Abbassai lo sguardo, per fissare la scodella con il latte dentro. «Già... l'unica cosa che mi dà sollievo» mormorai.

«Che cosa staresti cercando di dire con ciò?» domandò furiosa mia madre. Raddrizzai le spalle ed accennai un sorriso sarcastico, prima di dirle: «Esattamente quello che ho detto: che trovo sollievo solo nell'andare a scuola. O meglio, essere fuori da questa casa!» Posai violentemente la tazza sul tavolo della cucina ed uscii di casa senza nemmeno prendere la borsa.

Iniziai ad avviarmi verso scuola a grandi passi che man mano diventavano sempre più affrettati fino a che iniziai a correre. Ogni volta che qualcosa non mi andava a genio, andavo a correre. Non importa dove andassi o cosa avevo indosso. La cosa che più contava era fuggire per un po' da tutto.
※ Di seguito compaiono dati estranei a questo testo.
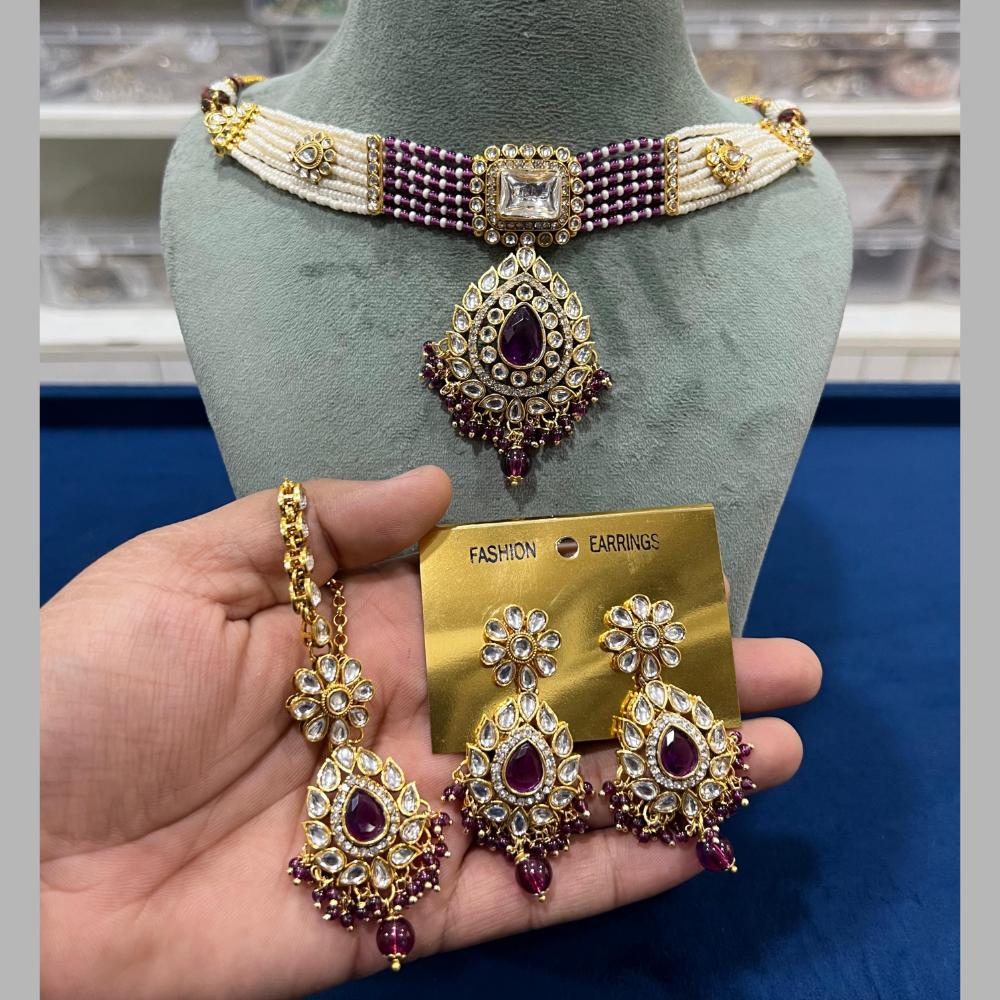 Hira Collections Gold Plated Kundan Stone And Beads Choker Necklace Set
Non appena svoltai un angolo, andai a sbattere contro il corpo di un ragazzo. Quello di mio fratello, Mickael. Aveva un'espressione accigliata, mista a disapprovazione. Ogni volta che facevo qualcosa che non gli andava a genio, mi veniva sempre a rimproverare.

Indietreggiai di qualche passo. «Non dirmi che vuoi scappare un'altra volta. Ci ho impiegato molto a localizzarti.» La sua espressione era del tutto impassibile. Ma povera stella, ha dovuto faticare per cercare la sorellina che odia. «Nessuno ti ha chiesto di farlo» gli feci notare.

Sdegnato, Mickael mi fissò. «Se proprio ci tieni a saperlo, è stato mio padre a chiedermi di seguirti. Ti ho portato anche la tua borsa» mi disse porgendomela. Mi sbrigai a riprendermela. «Grazie.»

Senza aggiungere nulla, iniziò a camminare verso l'accademia. «Muoviti, o farai tardi anche oggi» si limitò semplicemente a farmi notare.

Ripresi a camminare, stando a pochi passi dietro di lui. Sapevo quanto gli dava fastidio avermi a meno di un metro di distanza e non volevo farlo arrabbiare.